• Ilustríssima

    Monday, 29-Apr-2024 23:33:58 -03

    Publicidade criou falsa ideia de que a velhice é a pior parte da vida

    GIULIANO CEDRONI

    18/08/2017 06h00

    Ricardo Borges/Folhapress
    Ney Matogrosso canta no 28º Prêmio da Música Brasileira, onde foi homenageado
    Ney Matogrosso canta no 28º Prêmio da Música Brasileira, onde foi homenageado

    "Eu não sei."

    Depois de meses pesquisando a extensa e impressionante obra da fotógrafa anglo-brasileira Maureen Bisilliat, de mais de sete horas de conversas, de passar alguns dias com a lente da Alexa colada nessa senhora de 86 anos, essa foi sua frase mais corajosa.

    "Eu não sei", repetia ela para a câmera de tempo em tempo, não sem antes refletir ponderada e delicadamente a cada pergunta. Maureen, que se embrenhou nos fundões do Brasil ainda nos anos 1960 para revelar o Xingu aos brasileiros em fotografias clássicas, referia-se não às questões de enquadramento, luz e ótica, mas às grandes questões da vida, como amor, família, arrependimentos.

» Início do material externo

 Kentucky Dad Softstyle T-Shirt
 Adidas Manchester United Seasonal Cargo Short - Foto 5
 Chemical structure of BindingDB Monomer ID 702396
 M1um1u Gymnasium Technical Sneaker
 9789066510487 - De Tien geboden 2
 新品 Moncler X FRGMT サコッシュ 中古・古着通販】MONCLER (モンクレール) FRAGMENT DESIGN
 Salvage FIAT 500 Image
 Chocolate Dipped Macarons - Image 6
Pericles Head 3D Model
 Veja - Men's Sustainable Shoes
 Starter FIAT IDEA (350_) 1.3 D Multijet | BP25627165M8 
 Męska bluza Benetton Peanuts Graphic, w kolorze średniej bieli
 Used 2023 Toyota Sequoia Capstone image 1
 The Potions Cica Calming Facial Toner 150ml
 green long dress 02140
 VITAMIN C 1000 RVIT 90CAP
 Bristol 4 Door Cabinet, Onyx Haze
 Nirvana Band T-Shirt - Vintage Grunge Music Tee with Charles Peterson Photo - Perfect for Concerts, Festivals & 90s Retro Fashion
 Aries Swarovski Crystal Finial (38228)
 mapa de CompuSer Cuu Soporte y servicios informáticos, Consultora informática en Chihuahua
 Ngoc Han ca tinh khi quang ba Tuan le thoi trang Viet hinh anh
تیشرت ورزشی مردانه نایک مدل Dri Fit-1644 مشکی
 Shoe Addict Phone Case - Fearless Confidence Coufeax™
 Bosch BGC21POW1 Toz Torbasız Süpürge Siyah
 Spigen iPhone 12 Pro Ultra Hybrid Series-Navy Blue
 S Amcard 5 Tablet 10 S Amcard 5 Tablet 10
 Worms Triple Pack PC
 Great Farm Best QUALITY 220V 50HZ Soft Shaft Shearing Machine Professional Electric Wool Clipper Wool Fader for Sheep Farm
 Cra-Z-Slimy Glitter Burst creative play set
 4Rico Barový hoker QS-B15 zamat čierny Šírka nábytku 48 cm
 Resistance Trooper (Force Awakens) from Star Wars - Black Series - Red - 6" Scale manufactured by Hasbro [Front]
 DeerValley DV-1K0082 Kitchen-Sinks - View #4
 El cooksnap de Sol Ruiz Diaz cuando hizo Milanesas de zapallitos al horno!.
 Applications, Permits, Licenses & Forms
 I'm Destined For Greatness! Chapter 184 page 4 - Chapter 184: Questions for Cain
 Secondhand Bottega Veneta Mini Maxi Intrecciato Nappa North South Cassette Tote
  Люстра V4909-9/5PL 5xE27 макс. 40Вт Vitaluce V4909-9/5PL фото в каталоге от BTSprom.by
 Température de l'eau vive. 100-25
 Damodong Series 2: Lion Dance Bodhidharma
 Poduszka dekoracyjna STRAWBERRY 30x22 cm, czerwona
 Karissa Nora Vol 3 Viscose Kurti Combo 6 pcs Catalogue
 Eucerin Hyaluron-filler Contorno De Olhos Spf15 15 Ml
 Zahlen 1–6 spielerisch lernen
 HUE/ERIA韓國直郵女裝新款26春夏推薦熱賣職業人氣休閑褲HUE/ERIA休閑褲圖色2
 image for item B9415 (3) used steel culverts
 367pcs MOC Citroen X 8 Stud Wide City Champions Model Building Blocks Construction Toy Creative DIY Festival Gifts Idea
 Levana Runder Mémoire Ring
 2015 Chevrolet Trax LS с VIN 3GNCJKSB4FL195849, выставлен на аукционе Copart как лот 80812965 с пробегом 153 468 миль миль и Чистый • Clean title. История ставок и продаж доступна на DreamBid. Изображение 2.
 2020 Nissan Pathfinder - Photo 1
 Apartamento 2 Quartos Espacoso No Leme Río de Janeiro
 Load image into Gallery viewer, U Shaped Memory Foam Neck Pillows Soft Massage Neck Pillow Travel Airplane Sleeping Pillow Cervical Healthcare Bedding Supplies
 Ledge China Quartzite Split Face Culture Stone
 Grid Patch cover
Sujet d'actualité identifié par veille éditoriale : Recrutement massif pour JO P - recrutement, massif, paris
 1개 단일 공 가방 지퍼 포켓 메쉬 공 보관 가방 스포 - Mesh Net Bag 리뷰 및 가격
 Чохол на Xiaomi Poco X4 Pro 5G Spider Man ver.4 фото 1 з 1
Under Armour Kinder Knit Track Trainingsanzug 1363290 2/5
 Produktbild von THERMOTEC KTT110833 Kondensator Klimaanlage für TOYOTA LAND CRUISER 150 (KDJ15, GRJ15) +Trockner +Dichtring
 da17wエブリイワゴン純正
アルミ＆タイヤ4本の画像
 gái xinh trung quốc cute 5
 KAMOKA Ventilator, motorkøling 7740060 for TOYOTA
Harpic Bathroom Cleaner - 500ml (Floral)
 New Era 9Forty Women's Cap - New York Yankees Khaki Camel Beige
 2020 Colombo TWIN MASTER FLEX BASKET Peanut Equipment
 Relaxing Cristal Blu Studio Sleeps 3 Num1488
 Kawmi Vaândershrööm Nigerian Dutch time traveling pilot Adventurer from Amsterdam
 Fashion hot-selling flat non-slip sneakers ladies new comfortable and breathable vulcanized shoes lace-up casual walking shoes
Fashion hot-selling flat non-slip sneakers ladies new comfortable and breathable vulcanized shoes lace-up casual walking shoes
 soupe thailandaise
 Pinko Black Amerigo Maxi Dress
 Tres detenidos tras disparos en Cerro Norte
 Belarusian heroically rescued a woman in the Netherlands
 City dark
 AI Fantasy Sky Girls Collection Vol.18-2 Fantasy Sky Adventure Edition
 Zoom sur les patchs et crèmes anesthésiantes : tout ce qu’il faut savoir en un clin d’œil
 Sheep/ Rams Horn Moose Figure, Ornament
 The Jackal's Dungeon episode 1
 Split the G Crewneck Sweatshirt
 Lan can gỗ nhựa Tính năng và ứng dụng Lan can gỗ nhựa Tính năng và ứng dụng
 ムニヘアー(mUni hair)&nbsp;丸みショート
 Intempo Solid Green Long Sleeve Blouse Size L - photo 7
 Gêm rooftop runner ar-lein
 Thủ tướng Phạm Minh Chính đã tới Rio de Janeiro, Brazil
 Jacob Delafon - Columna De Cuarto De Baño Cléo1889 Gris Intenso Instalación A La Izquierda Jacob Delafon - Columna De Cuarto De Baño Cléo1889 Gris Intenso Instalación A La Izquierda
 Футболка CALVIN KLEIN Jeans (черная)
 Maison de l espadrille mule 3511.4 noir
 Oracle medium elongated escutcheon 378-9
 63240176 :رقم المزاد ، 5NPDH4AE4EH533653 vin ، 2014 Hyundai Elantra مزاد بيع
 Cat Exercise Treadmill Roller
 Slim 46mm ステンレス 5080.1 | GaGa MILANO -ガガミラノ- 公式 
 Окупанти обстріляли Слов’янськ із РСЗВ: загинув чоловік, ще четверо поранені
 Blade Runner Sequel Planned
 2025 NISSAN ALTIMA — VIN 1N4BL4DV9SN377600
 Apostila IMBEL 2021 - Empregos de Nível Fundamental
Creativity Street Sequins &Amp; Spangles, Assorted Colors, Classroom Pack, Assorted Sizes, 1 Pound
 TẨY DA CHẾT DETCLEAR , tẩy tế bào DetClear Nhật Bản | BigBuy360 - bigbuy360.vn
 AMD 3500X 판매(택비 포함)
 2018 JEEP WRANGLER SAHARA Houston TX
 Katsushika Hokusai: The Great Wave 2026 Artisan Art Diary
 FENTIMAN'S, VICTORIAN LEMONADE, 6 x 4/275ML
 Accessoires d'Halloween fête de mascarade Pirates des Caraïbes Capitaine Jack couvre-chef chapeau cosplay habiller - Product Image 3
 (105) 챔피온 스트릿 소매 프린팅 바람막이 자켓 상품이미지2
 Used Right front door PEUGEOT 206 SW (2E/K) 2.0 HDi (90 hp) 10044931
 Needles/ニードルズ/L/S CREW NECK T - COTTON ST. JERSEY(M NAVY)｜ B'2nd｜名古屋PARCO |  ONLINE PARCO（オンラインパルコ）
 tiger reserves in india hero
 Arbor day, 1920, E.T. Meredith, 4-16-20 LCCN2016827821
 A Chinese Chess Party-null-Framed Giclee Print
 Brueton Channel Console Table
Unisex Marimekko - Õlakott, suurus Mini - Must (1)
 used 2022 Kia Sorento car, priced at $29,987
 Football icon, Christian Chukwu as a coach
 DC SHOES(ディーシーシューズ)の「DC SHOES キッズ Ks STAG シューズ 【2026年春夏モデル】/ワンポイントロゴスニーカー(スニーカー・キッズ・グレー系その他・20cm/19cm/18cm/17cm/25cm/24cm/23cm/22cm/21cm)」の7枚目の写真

    O envelhecimento da população é um dos maiores triunfos da humanidade e também um de seus grandes desafios. A proporção de pessoas com 60 anos ou mais está crescendo mais rapidamente que a de qualquer outra faixa etária.

    Até 2025, espera-se um crescimento de mais de 200% (algo em torno de 600 milhões) no número de pessoas consideradas velhas no mundo. Por mais que o mercado e a propaganda tentem esticar a juventude à base de slogans como "a melhor idade", a velhice é um fato -e, pasmem, não é uma palavra pejorativa.

    "De época remota", "que tem idade avançada", "que tem muito tempo de existência". Eis algumas definições oferecidas pelo dicionário quando buscamos a palavra "velho", que vem do latim vetulus. Em nenhuma existe a sugestão de que a velhice esteja inexoravelmente ligada a algo negativo.

    Ainda assim, a publicidade conseguiu convencer bilhões de pessoas de que ser considerado velho é das piores coisas que podem acontecer a um ser humano.

    Por princípio ninguém quer contratar um velho, namorar um velho, abrir um negócio com alguém considerado velho. No entanto, quando nos deparamos com situações-limite na vida, é na velhice que, ironicamente, encontramos confiança. Basta precisar escolher um piloto para um voo ousado ou um cirurgião para uma operação de risco.

    IMAGEM TABU

    Foi por causa de dados e incongruências como esses que iniciamos uma análise midiática sobre o tema antes de rodar a série "Outros Tempos_VELHOS", em cartaz no canal MAX (terças, às 23h).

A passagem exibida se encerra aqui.